I have to agree with my friend on this. Imagine being twenty years of age and seeing the complete skeleton of Tyrannosaurus rex for the first time. It is doubtful that you would believe it to be genuine. Yet in our reality, a typical young adult would find such a thing bordering on mundane. Fossils are dull, museums are boring, and dinosaurs are cartoon creatures for little boys. Focus, really focus, and you might be able to take a step back from this inexplicable reaction to some of the most incredible creatures to have walked the ground you now stand on. Try to imagine dinosaurs from the perspective of a completely naive visitor to our place and time.
This approach is warranted in many other aspects of our lives. In some cases, like the dinosaurs, we should use it to experience the full, awestruck reactions that certain events deserve. The computer you are reading this on could most likely be used to instantly communicate with a large percentage of the human population, provided you know their name. The blue and green globe you see in pictures from the International Space Station is the home of every non-astronomical event you have ever heard of, and countless more than you never will hear of. The small white planetoid that hangs above the night sky has been walked on by people who are still alive today. If you live in Australia, you are closer to the pitch-black ocean floor of the Atlantic, 12,000 kilometres beneath your feet, than its surface — and everything you hear about in America happens almost upside-down relative to you.
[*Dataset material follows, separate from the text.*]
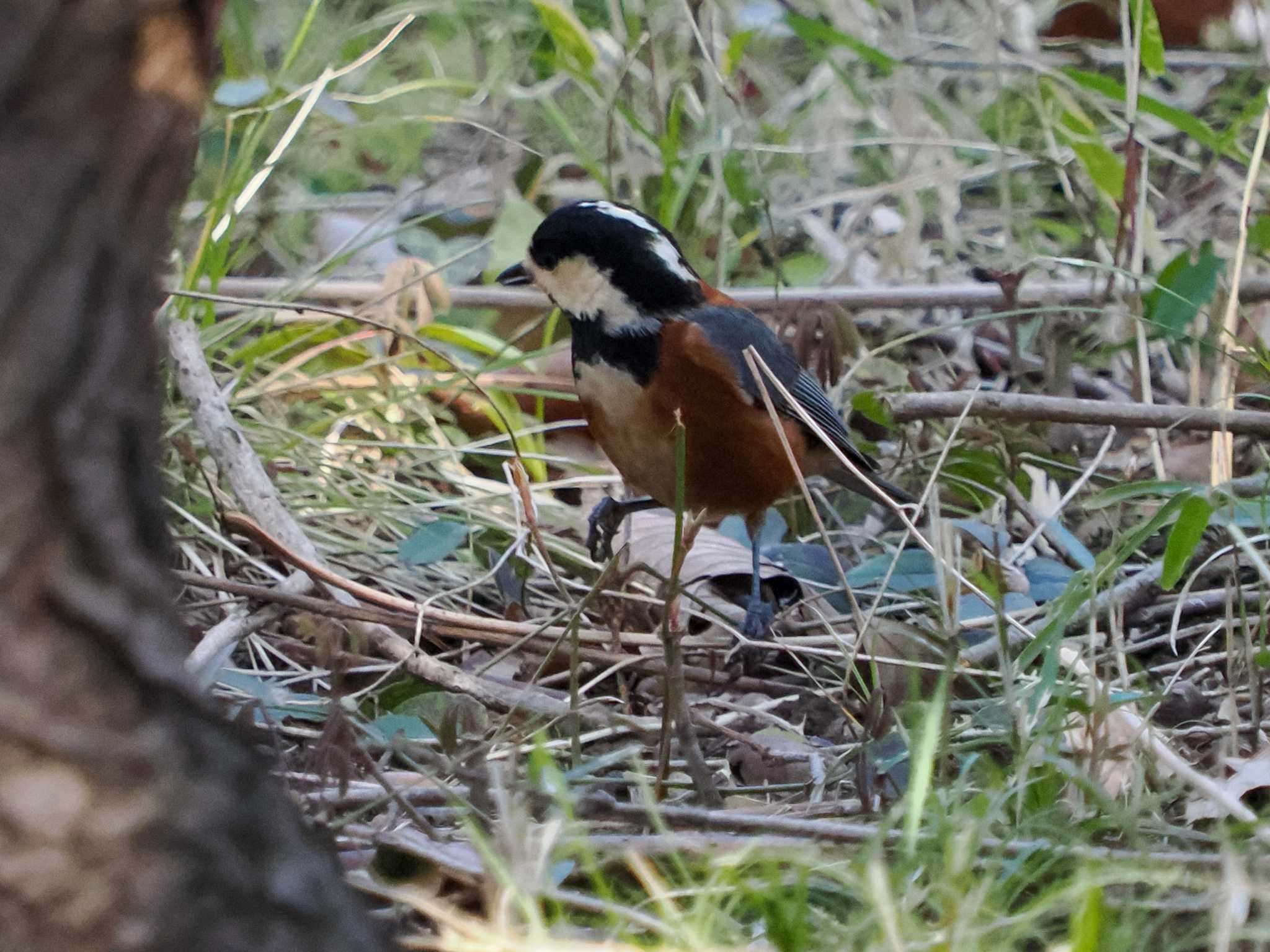 Varied Tit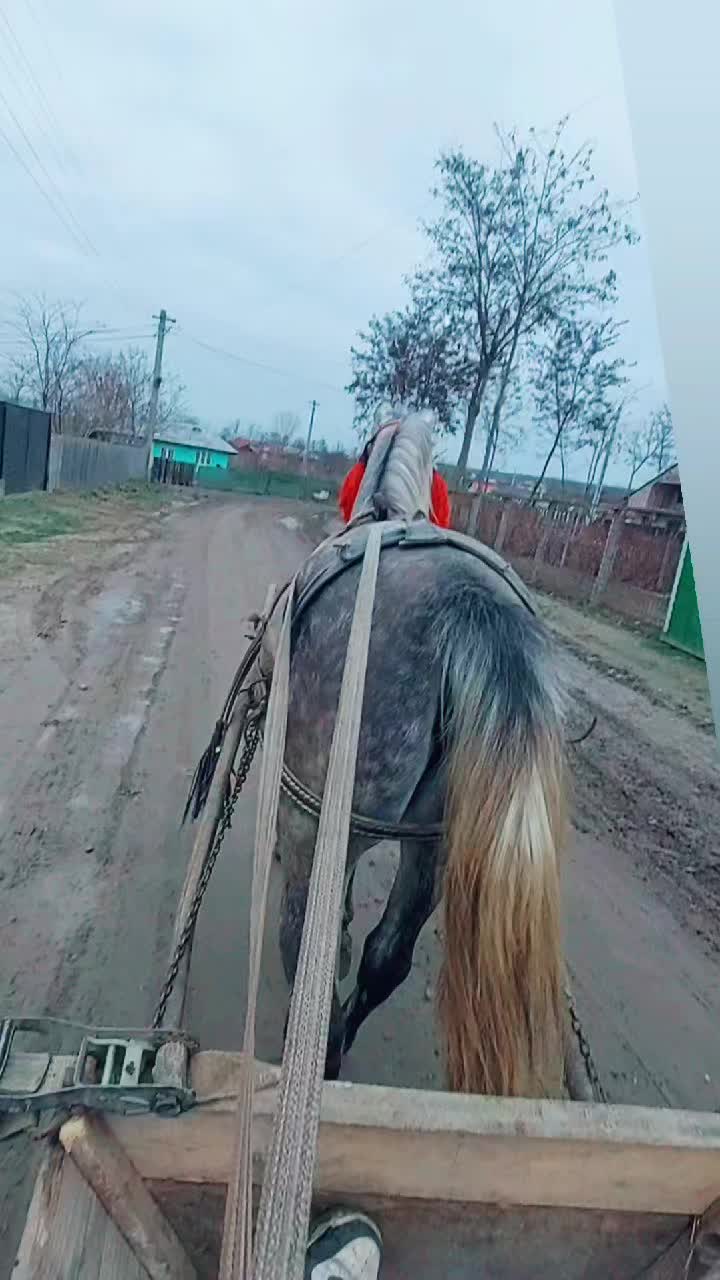 @ⅅᎯℛℐUЅ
Taking a step back from these concepts can provide you with a fresh appreciation. But in other cases, we should do so not to experience awe, but confusion. Just like we are ingrained with the false “normality” of walking on the Moon, most of us have been ingrained with the “normality” of the belief that an old book holds the words of a supernatural force. “Miracle”, “religious”, “divine”, “sinner”, “resurrection” — all words we have heard enough times so as to become mundane. Even a non-believer might implicitly accept another’s belief in the story of Noah’s ark — in which water appears from nowhere to flood the entire world, killing everyone except one man and his family — as more “normal” than someone’s belief in the Wall of Fire — in which a race of aliens called the Galactic Confederacy brought billions of human to Earth, piled them around volcanoes, and destroyed them with hydrogen bombs. Of course, both of these stories are equally ludicrous, and to a completely naive modern-day person, ignorant of the religious and science fiction genres, they would be rejected.
We look to modern fantasy stories for entertainment, and ancient fantasy stories for holy revelations about the universe. Clearly there is something off about this particular accepted “norm” of our culture. Some of these ancient stories, like the Books of Ezekiel and Revelation, are particularly indistinguishable from science fiction. “Gods”, uniquely from humanity’s rich catalogue of mythical creatures and characters, are normal to believe in. This is why I no longer partake in debating with proponents of specific religions. Even the name or personality of your god, let alone the details of your arbitrary dusty book, are unnecessary embellishments of a concept that is only considered sane because we have grown up in constant exposure to it.
The biggest mistake anyone can make is cherishing their own beliefs. There is no reason to ever become attached to a piece of information you have picked up on your way through life. Never stop looking for reasons to discard them. Make a regular habit of taking a step back, taking stocktake, and taking measures against information that does not hold up.